3. Un bel gesto Un bel gesto di riconoscenza hanno compiuto gli ex alunni del professor Marco Faresin, di anni 92. Insegnò per quarant’anni ragioneria a tantissimi ragazzi. Desiderava incontrarli ancora una volta. Si sono ritrovati in cento, assieme ad alcuni insegnanti, per passare una serata di ricordi e riconoscenza. Ho i giorni contati, ma questo è uno dei più felici. Un uomo che ha saputo educare e di sicuro anche amare; ragazzi e ragazze che hanno imparato, non solo ragioneria, ma a diventare uomini e donne mature, capaci di riconoscenza.
4. Paesaggio urbano Linea dura del Governo tedesco nei confronti dei migranti.

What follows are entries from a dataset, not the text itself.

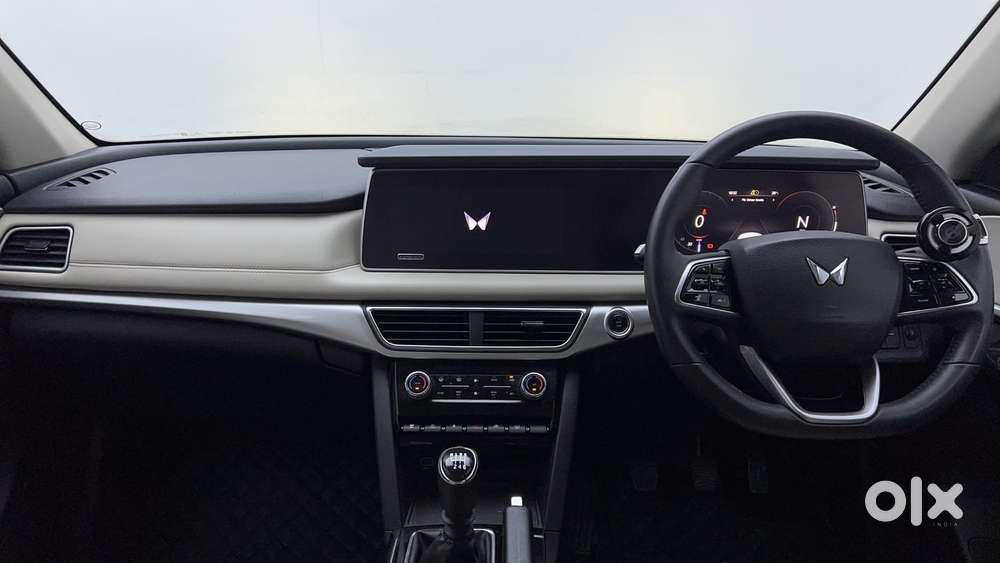 Mahindra Xuv700 2.0 Ax 7 Petrol Mt Str, 2022, Petrol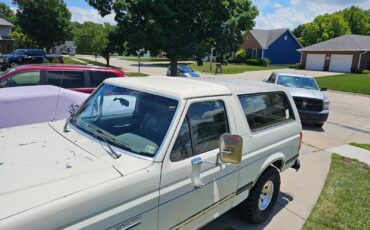 Ford-Bronco-1989-SUV-9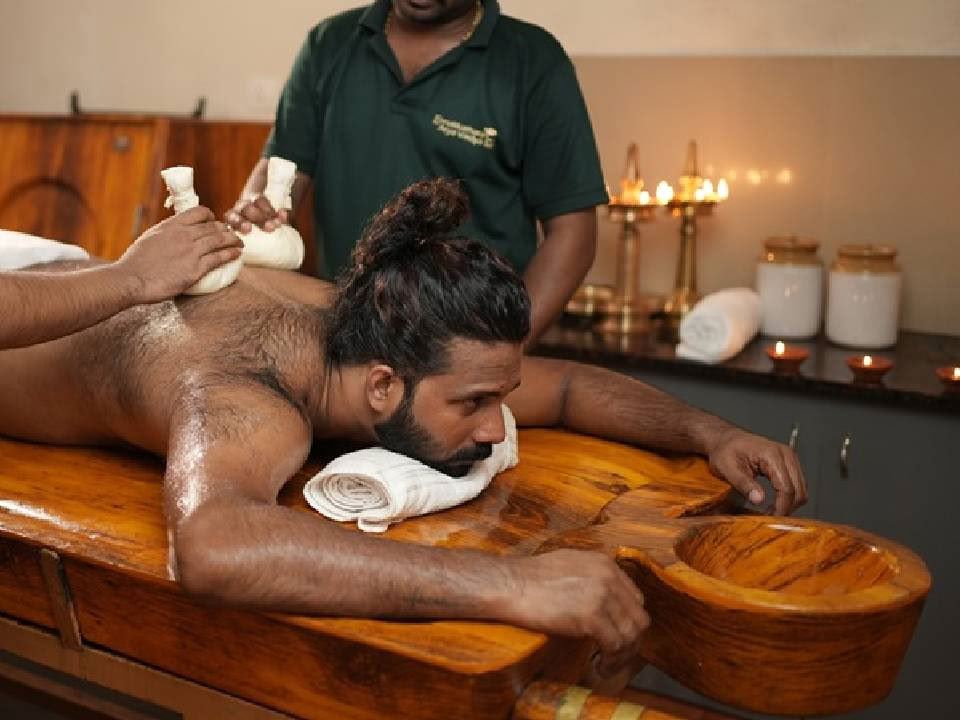 21 Dages Veda Evolve: Ayur Yoga, Ayurveda Velvære og Foryngelsesterapi med Yoga-retreat
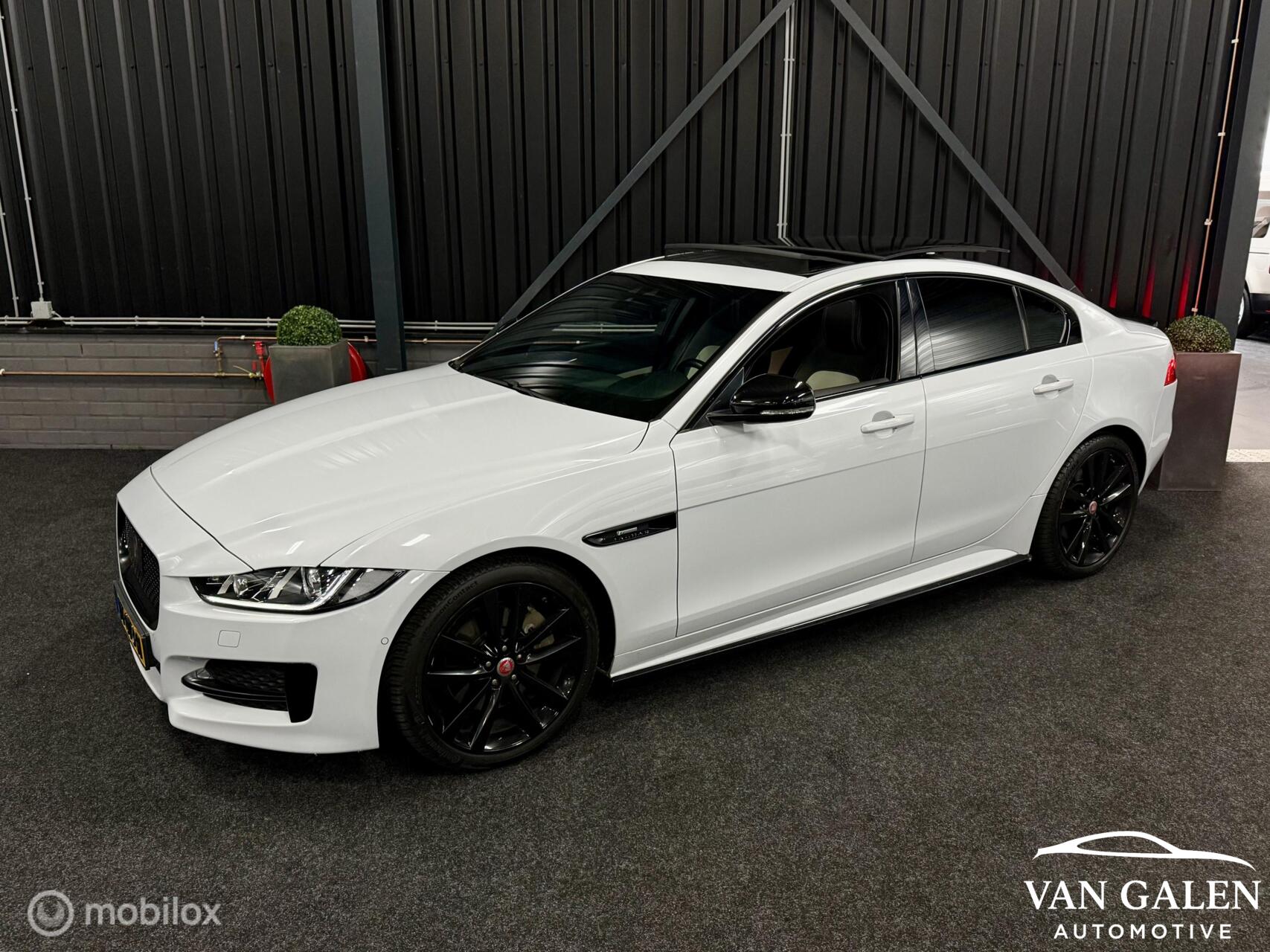 Foto van Jaguar Jaguar Xe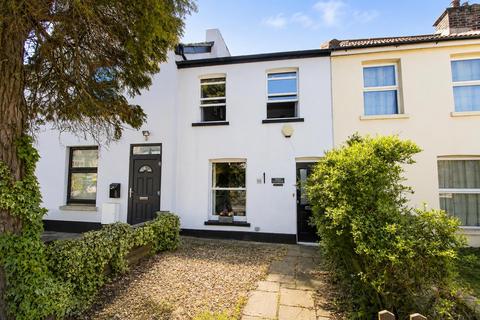 2 bed property, in Fern Cottage, £425,000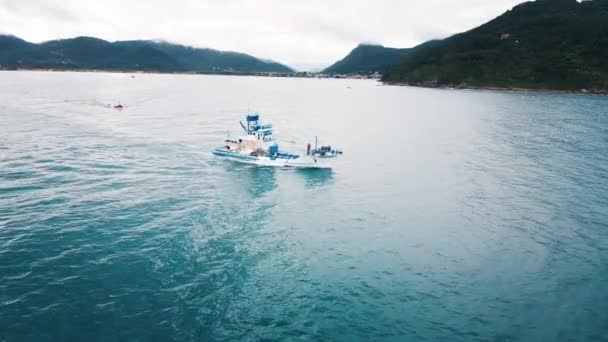 Bateau Pêche Déplace Dans Mer Près Côte Côtes Océan Atlantique — Video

Questo perché accoglierli fa perdere voti. E’ comunque una linea in questo momento seguita da tanti Governi europei. Ma penso anche condivisa da moltissimi cittadini. Non sono molto belle le espressioni usate dal Cancelliere tedesco Merz per definire la presenza dei migranti L’immigrazione ha un impatto sul paesaggio urbano, per questo stiamo proseguendo nel nostro piano di controlli ai confini e respingimenti. Credo che più rispetto verso i migranti sia indispensabile e che non possono essere solo loro i responsabili del degrado urbanistico. dt.